La fusion des services de coopération et d’action culturelle des ambassades (SCAC) avec les Instituts et centres culturels, au sein d’un nouvel établissement doté d’une autonomie financière, doit être accélérée. Le redéploiement de notre réseau culturel doit également se poursuivre, avec un renforcement de notre présence dans les pays émergents, aligné sur une stratégie bien définie plutôt que sur des considérations financières de fermeture d’établissements.

Il est crucial de préserver l’indépendance des Alliances françaises tout en poursuivant une politique de conventionnement adaptée. Le coût du réseau culturel pour l’État, estimé à 138 millions d’euros en 2008, équivaut au budget d’un établissement tel que l’Opéra national de Paris ou la Bibliothèque nationale de France. Malgré des baisses de crédits substantielles en 2009, jusqu’à -15% voire -30% dans certains pays, nos partenaires et concurrents britanniques, allemands, espagnols et chinois renforcent considérablement leurs financements et leur présence culturelle à l’étranger.

Les personnels en charge des centres culturels ne bénéficient actuellement que d’une formation de cinq jours, tandis qu’en Allemagne, par exemple, la formation initiale est de six mois. De plus, la durée d’immersion dans un pays est courte, environ trois ans, comparée à cinq ans pour le British Council ou l’Institut Goethe, qui offrent des perspectives de carrière plus attractives à leurs agents.

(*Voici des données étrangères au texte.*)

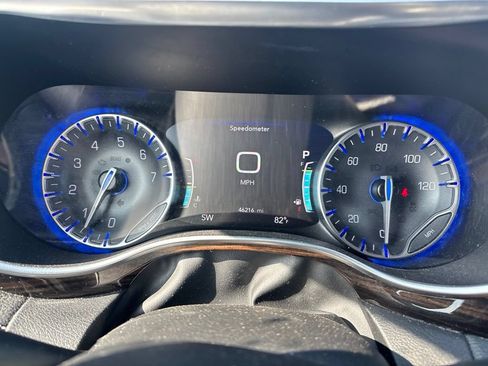 Used 2024 Chrysler Pacifica Limited FWD image 13
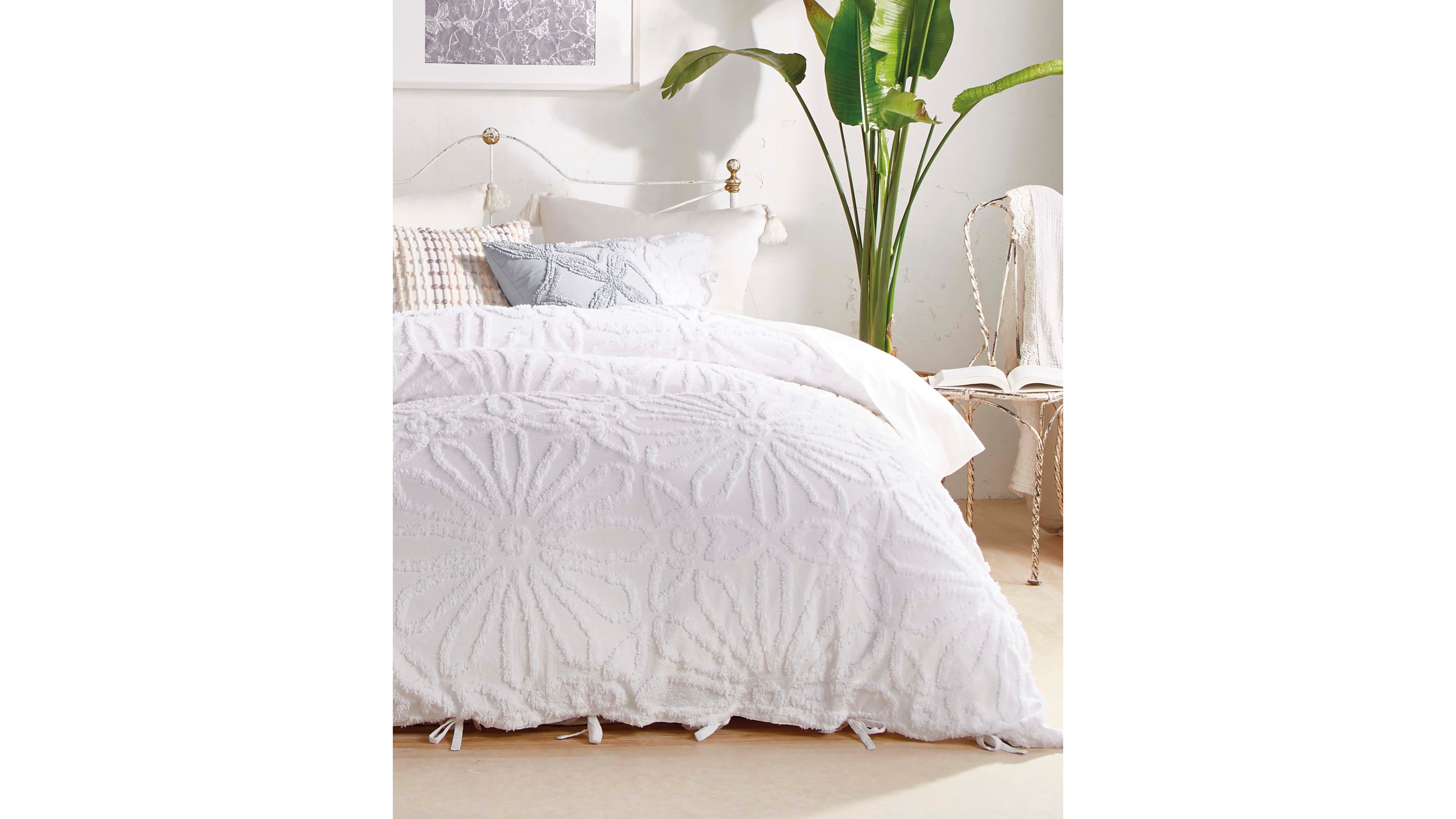 Peri Home Chenille Medallion 3-Pc. Duvet Cover Set, King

Les propositions des deux commissions

À l’heure où l’influence culturelle et intellectuelle de la France à l’étranger est contestée par la dynamique d’autres nations, le ministre des Affaires étrangères a annoncé la création d’une agence chargée de la coopération culturelle. Pour soutenir cette réforme, les commissions des Affaires culturelles, étrangères et de la défense du Sénat ont adopté à l’unanimité dix recommandations visant à répondre aux principales questions soulevées par un tel projet :

  • Placer la future agence de coopération culturelle sous la tutelle du ministère des Affaires étrangères.
  • Mettre en place un Secrétariat d’État à la francophonie, à l’audiovisuel extérieur et aux relations culturelles extérieures.
  • Aménager une place privilégiée au ministère de la Culture tant au stade de l’élaboration qu’au stade de la mise en œuvre de notre politique culturelle extérieure.
  • Mettre en place, auprès du Président de l’agence, un comité scientifique qu’il présiderait afin d’assurer l’information régulière des différents secteurs culturels et artistiques intéressés. Ce Conseil comprendrait également des représentants des collectivités territoriales.
  • Confier à la future agence, les missions exercées jusqu’à présent par CulturesFrance auxquelles s’ajouterait la diffusion de la langue française et la promotion du patrimoine audiovisuel français. En revanche, en exclure la coopération universitaire scientifique et technique qui devrait être réservée à un opérateur distinct en charge de la mobilité et de l’expertise internationale.
  • Rattacher à l’agence le réseau culturel en faisant des établissements culturels à autonomie financière les représentations locales de l’agence. À cet égard, il est possible de s’inspirer de l’expérience du transfert progressif du réseau commercial des missions économiques du ministère de l’économie à l’EPIC Ubi France.
  • Consacrer le rôle de l’ambassadeur dans la déclinaison de notre action culturelle extérieure au niveau local en lui confiant le cas échéant la présidence d’un Comité d’orientation stratégique et de programmation placé auprès de chaque établissement culturel.
  • Associer les Alliances françaises à la mise en œuvre de notre politique culturelle extérieure sur un mode partenarial en s’inspirant du système de partenariat et de convention entre l’AEFE et les lycées de la mission laïque.
  • Rénover en profondeur la gestion de nos ressources humaines de notre réseau culturel, en confiant à l’agence la responsabilité de la formation et de la gestion de carrière des agents concernés.
  • Enfin, à cela, il conviendra de prévoir une gestion rénovée des ressources humaines en dotant notre action culturelle extérieure de moyens budgétaires et humains à la hauteur de ses ambitions.